You don't own your social graph (Or, how not to solve 0.0003% of the world's problems.)

So this morning's tech news is that one person got kicked off of Facebook.

Yawn.

But, since Techmeme is the geek water cooler, I guess we should all be talking about it.  I suppose Scoble is like Desperate Housewives or Grey's Anatomy--the shows aren't even that good, but you gotta watch because it seems everyone else is talking about it.

Today, Mr. Scoble got booted from Facebook for violating their terms of service... for running some kind of script that seems to scrape social graph data off of Facebook.

People seem to forget what "I agree to the Terms of Service" means.  If you join a service, and invite all your friends to it, contribute all sorts of data, etc., don't get all pissy when you break the rules and they boot you. 

Why?

Because these are the rules that everyone else agreed to as well.

If I was your friend, I wouldn't want you using some script to scrape my data and take it off Facebook.  People seem to forget that friendships are two way relationships...  those are people on the other end, not just data... and you don't own the data on the other people.  These are people that looked at the Facebook TOS (or should have), were fine with it, and decided to set up shop.  They don't want to live in a digital place where people who violate the TOS pulling their data run amuck.  Not that I think Scoble is malintentioned, but unless he gets every single one of his friends to accept the porting of their data to another place, I don't see what kind of case he his.  I don't remember anything in the "accept friend request" thing that says, "accept it when your friend wants to run a script that yanks data about you off of Facebook and brings it to some other place who's TOS you will never see."

Does the script take into consideration the privacy preferences of Scoble's friends, or does it assume they're all as public to everyone as they are to him, because he's logged in with his account?

When are the geeks going to realize that 99.99% of the world's population doesn't need or want data portability.  Sure, it would make our lives more convenient if my I could see the restaurants my friends frequent through their credit card purchase data, but rather than try and convince Mastercard to accept open data standards, build an app with a simple hack that allows me to download it, and moreover, a reason to.  That's what Mint and Wesabe are doing with financial data.

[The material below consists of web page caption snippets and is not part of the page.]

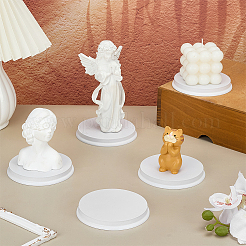 丸型木製シャーシのディスプレイ台座  トイモデル展示用  ホワイト  9.4~10.1x1.2cm&nbsp;ODIS-WH0025-274A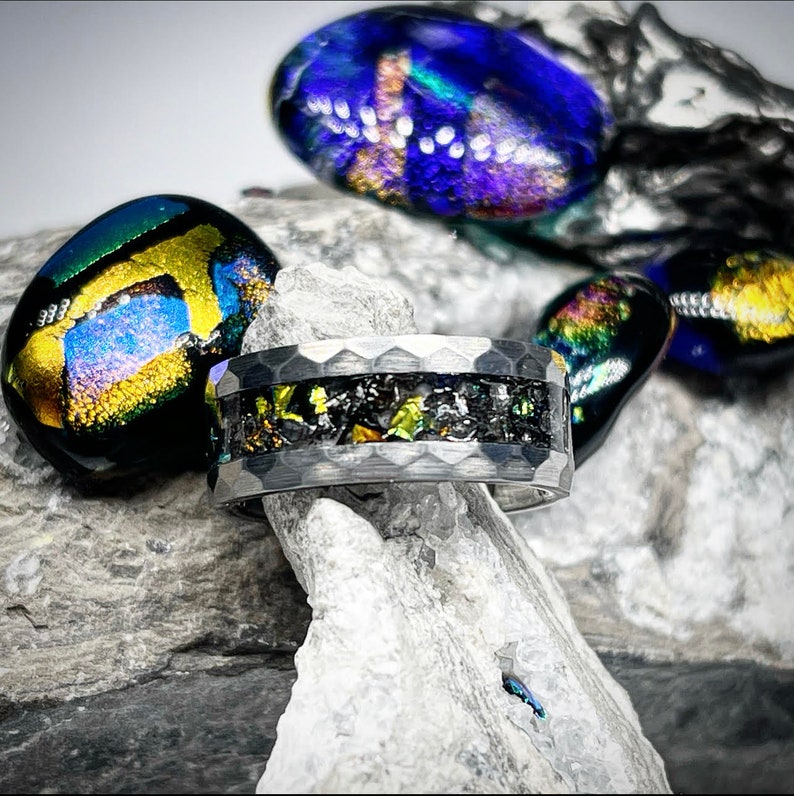 Meteorite and Dichroic Glass Ring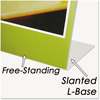 A Picture of product NUD-35485Z NuDell™ Clear Plastic Sign Holders,  Stand-Up, Slanted, 8 1/2 x 11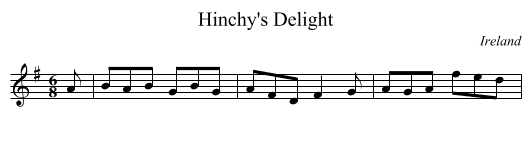 Hinchy's Delight - staff notation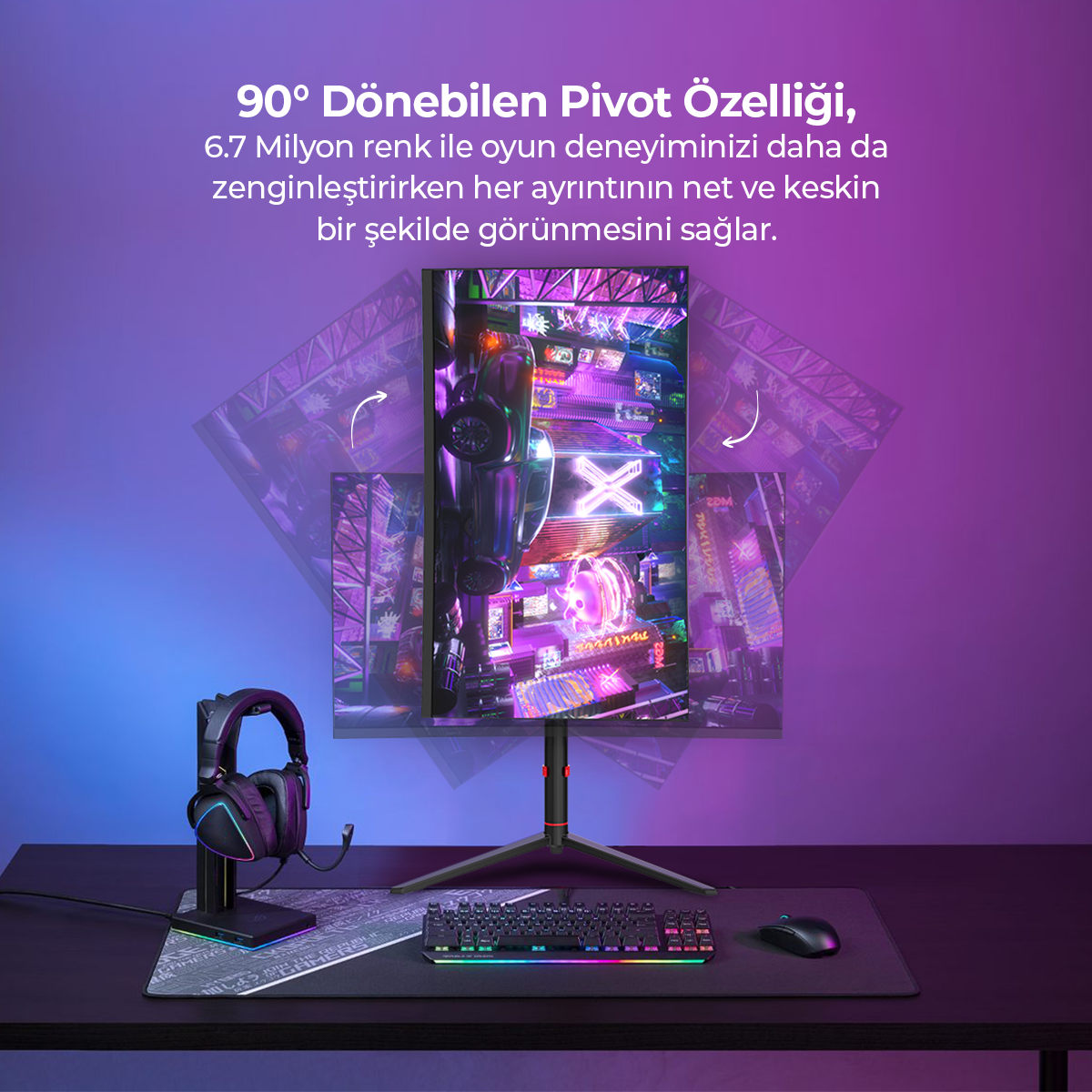 Havit Gamenote GSC102 27' Inç 200Hz 1ms Full Hd Pivot Curved Gaming Monitör VA Panel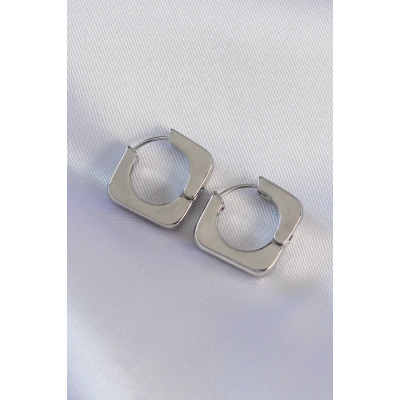 Pirinç Gümüş Renk Kare Küpe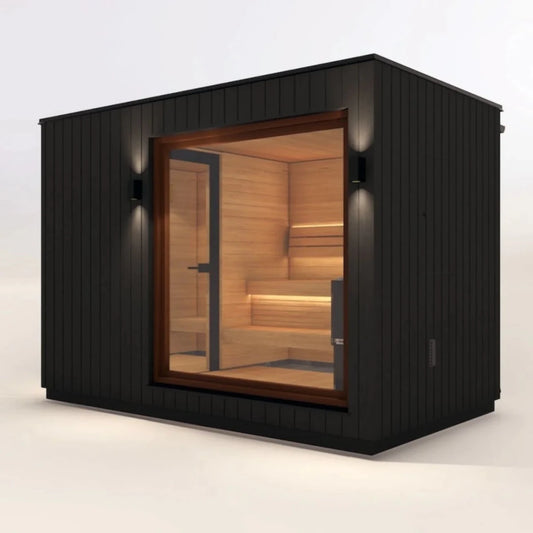 Saunum AirCube Double Ready Made Nordic Outdoor Sauna 5 Seater with Changing Room in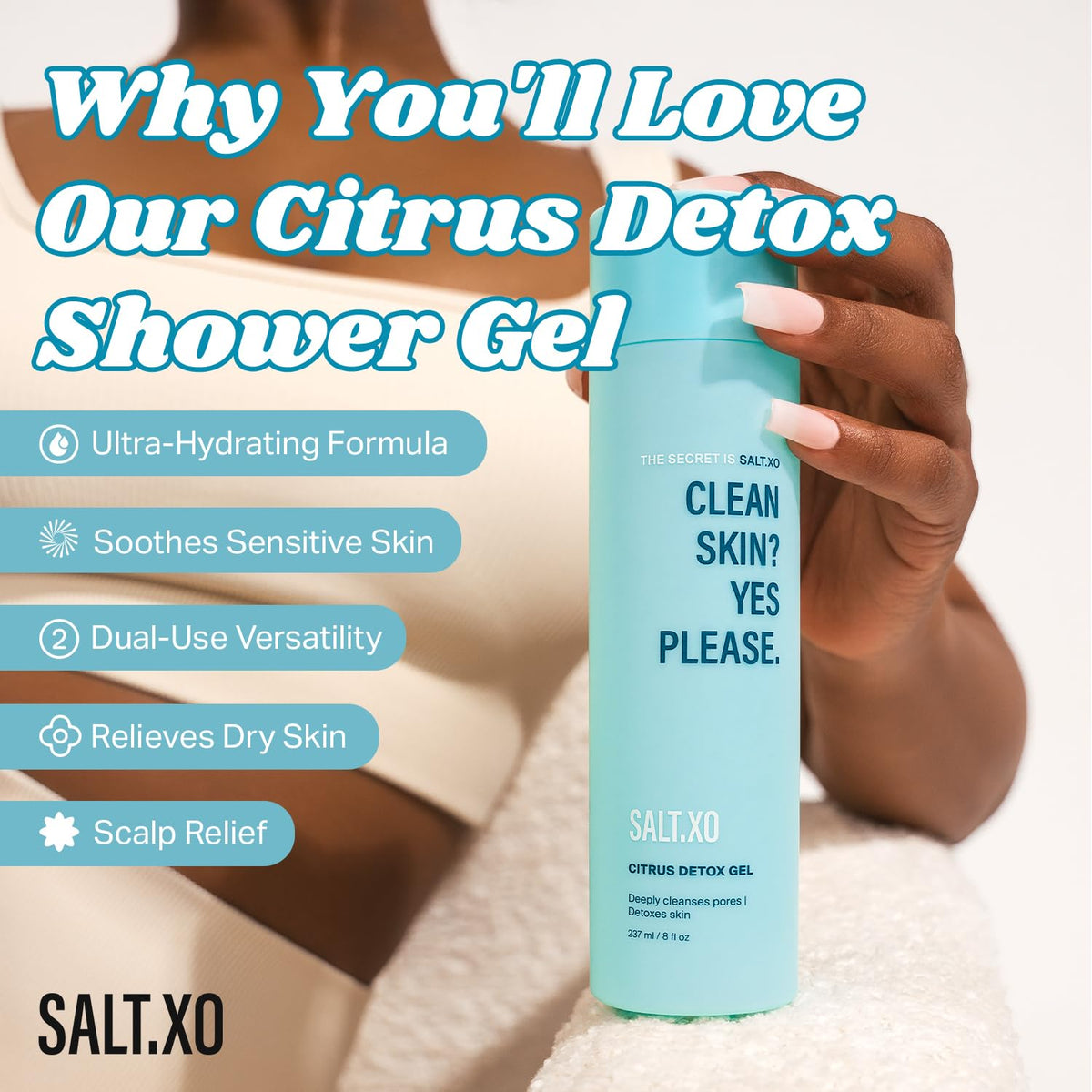 salt.xo lifestyle bathroom scene with bottle by sink conveying refreshing daily ritual benefit
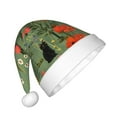 thumbnail image 2 of Haiem Botanical Garden With Cats Pattern Santa Hat Confortable Velvet Christmas Hat for Christmas Party Favors Fit for Adults and Kids, 2 of 6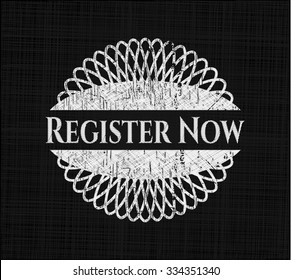 Register Now chalkboard emblem on black board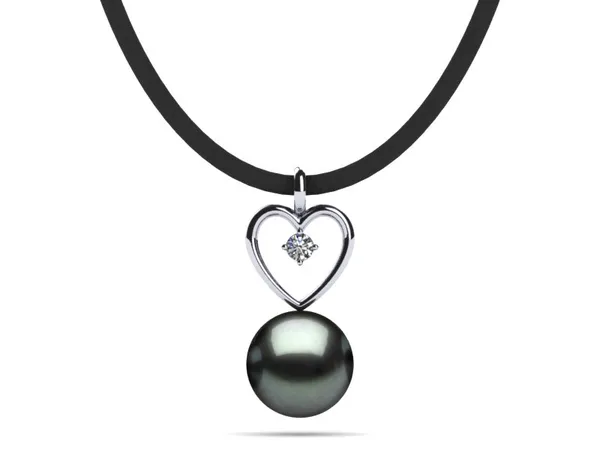 Tahitian Pearl & Diamond Leather Heart Necklace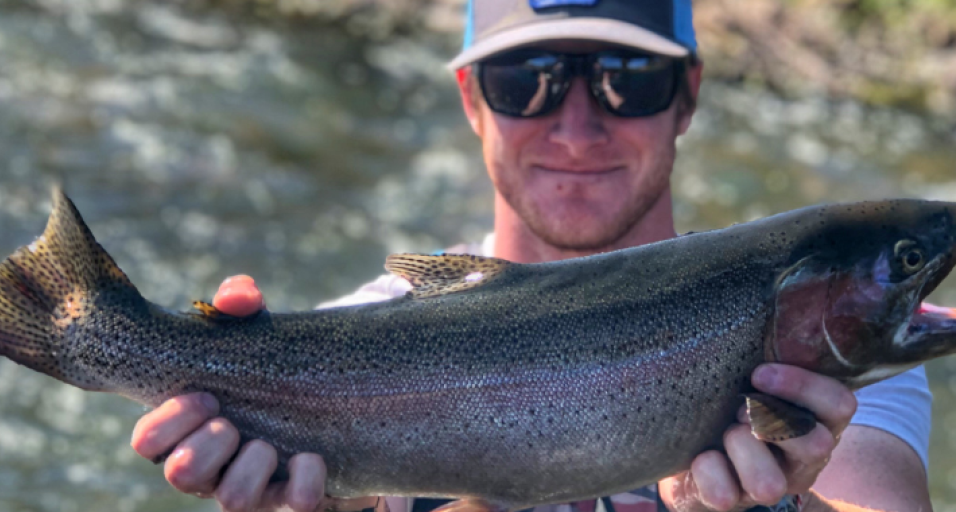 Male angler holds a large rainbow trout for a photo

And as for the social networks, MOST people don't care about being on 3423 social networks at once with 43,000 friends, and sharing apps and data between these friends.

In fact, I can't think of a single situation where I thought to myself, "Boy, I'd really love to be able to listen to the music that my LinkedIn contacts do."

And I have no problem keeping professional contacts on LinkedIn and real friends on Facebook, and I'm unapologetic about it. 

Last time I checked, real life was about different social spheres.  My "real" social graph isn't a completely intermingled, open flow of data, nor do I want it to be.  My digital life works best not just when it improves my real life, but also reflects it.  I'm not friends with everyone.  I don't want everyone's data.  I don't want to show everyone else my data.  There's enough of me already out there with very little effort on my part. 

So, Mr. Scoble, please stay off Facebook if you plan on running scripts that the rest of us agreed weren't cool in the TOS.  If you think the TOS needs to be changed, tell us about the app, tell Facebook, and gather support without breaking the rules first.  While they've made mistakes in the past, Facebook seems pretty responsive to users when they gather a large amount of support.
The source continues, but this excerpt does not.